### YOUR TASK
Could you print the listing again exactly, omitting the pictures?

### PROVIDED DATA
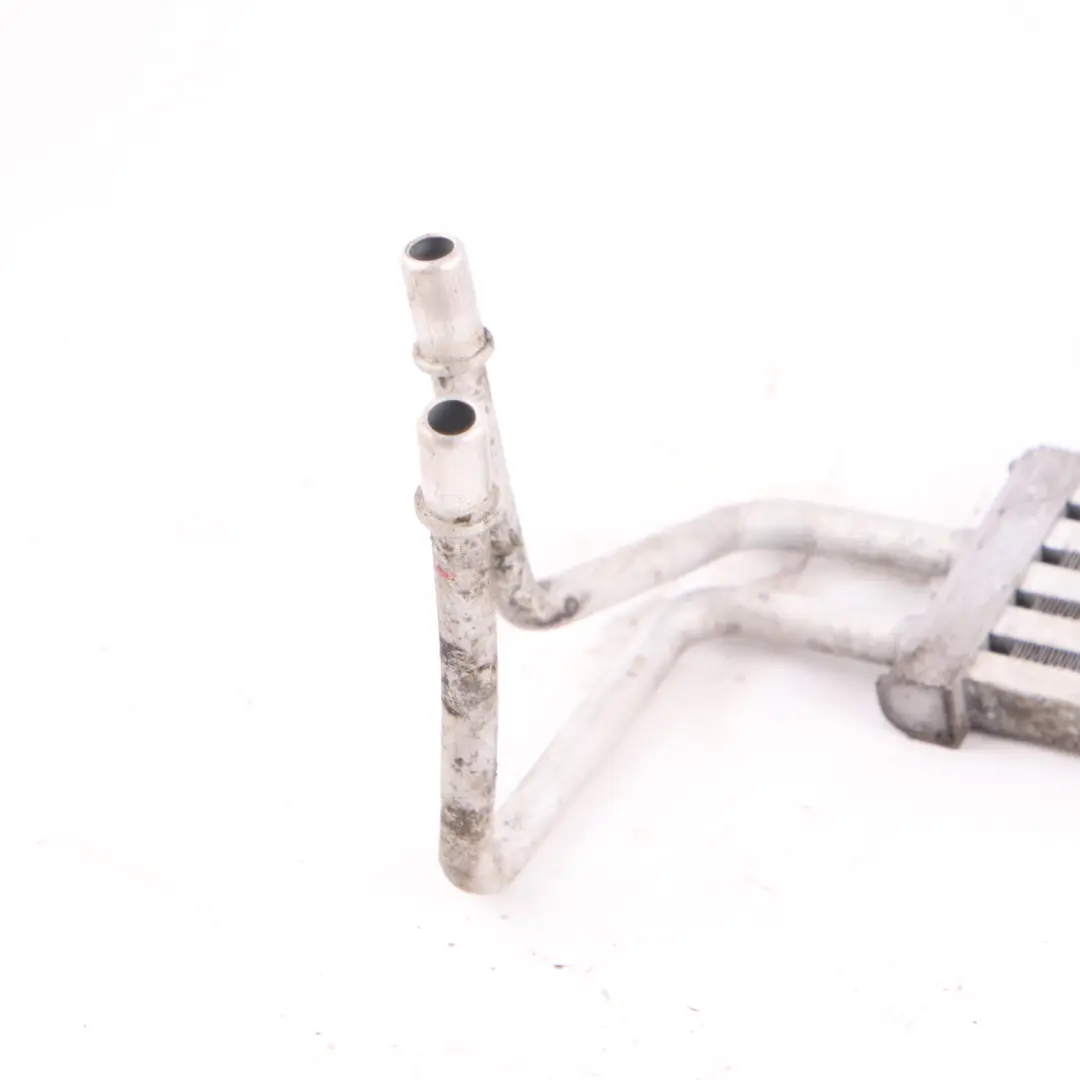 Radiatore dell'olio BMW F10 F11 F13 Radiatore del servosterzo per con numero di parte 7570100 Radiatore dell'olio BMW F10 F11 F13 Radiatore del servosterzo - SKU 7570100 - Numero di parte 7570100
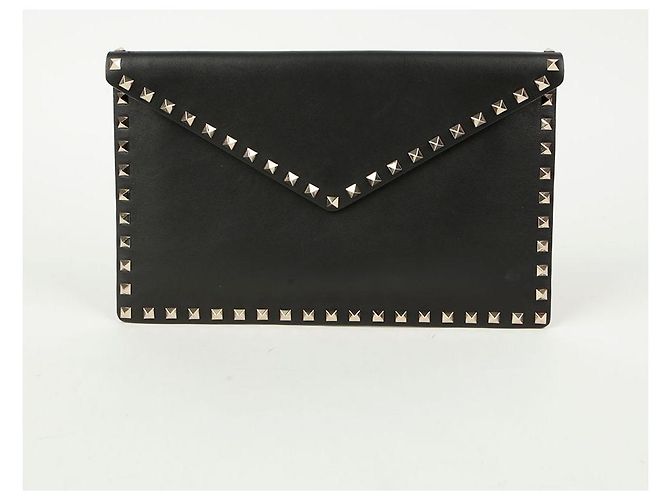 Valentino Clutch sobre Rockstud Negro - vista 2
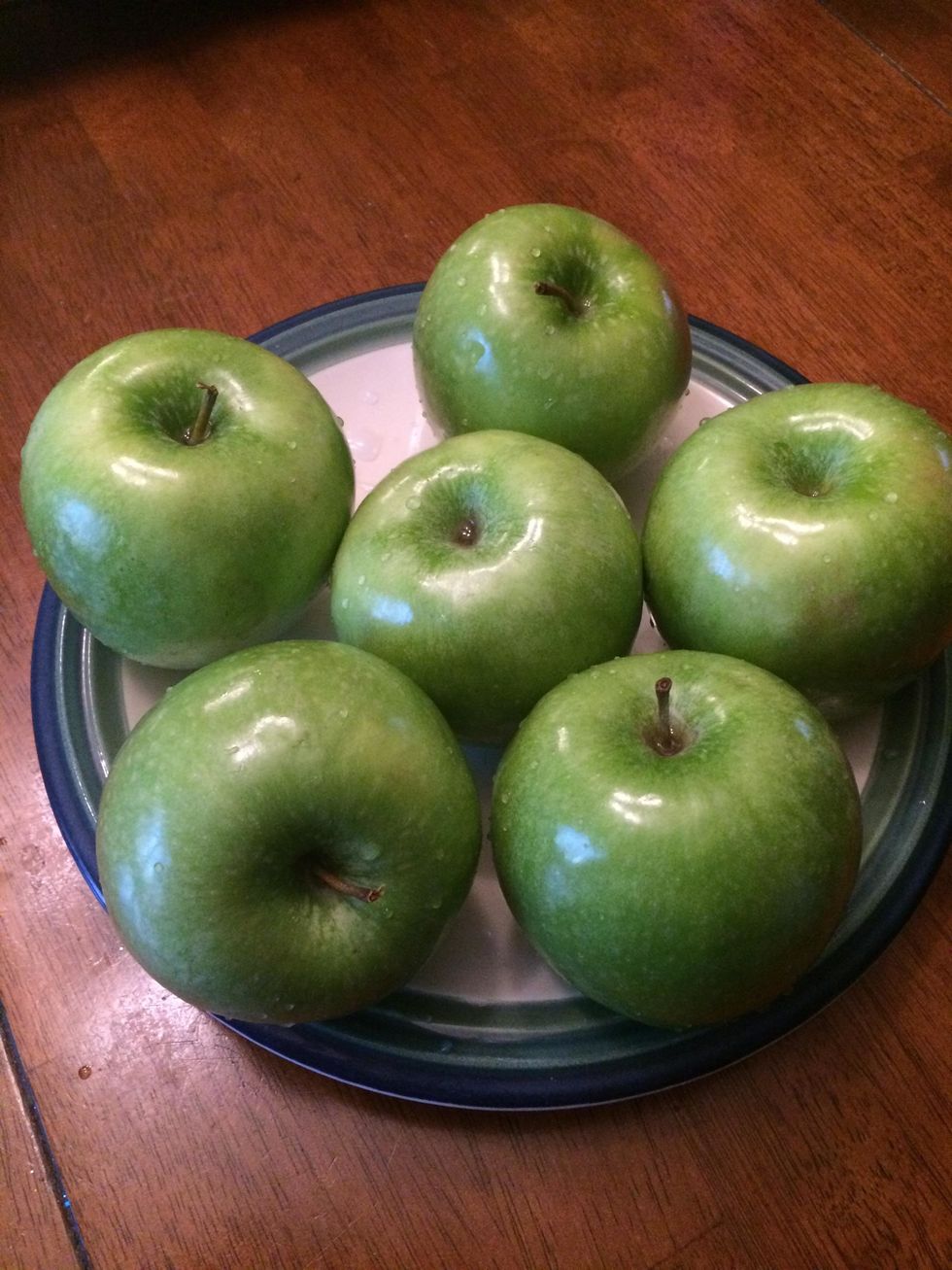Begin with 5 or 6 washed tart apples. I used Granny Smith.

### COMPLETED EXERCISE
 Radiatore dell'olio BMW F10 F11 F13 Radiatore del servosterzo per con numero di parte 7570100 Radiatore dell'olio BMW F10 F11 F13 Radiatore del servosterzo - SKU 7570100 - Numero di parte 7570100
 Valentino Clutch sobre Rockstud Negro - vista 2
Begin with 5 or 6 washed tart apples. I used Granny Smith.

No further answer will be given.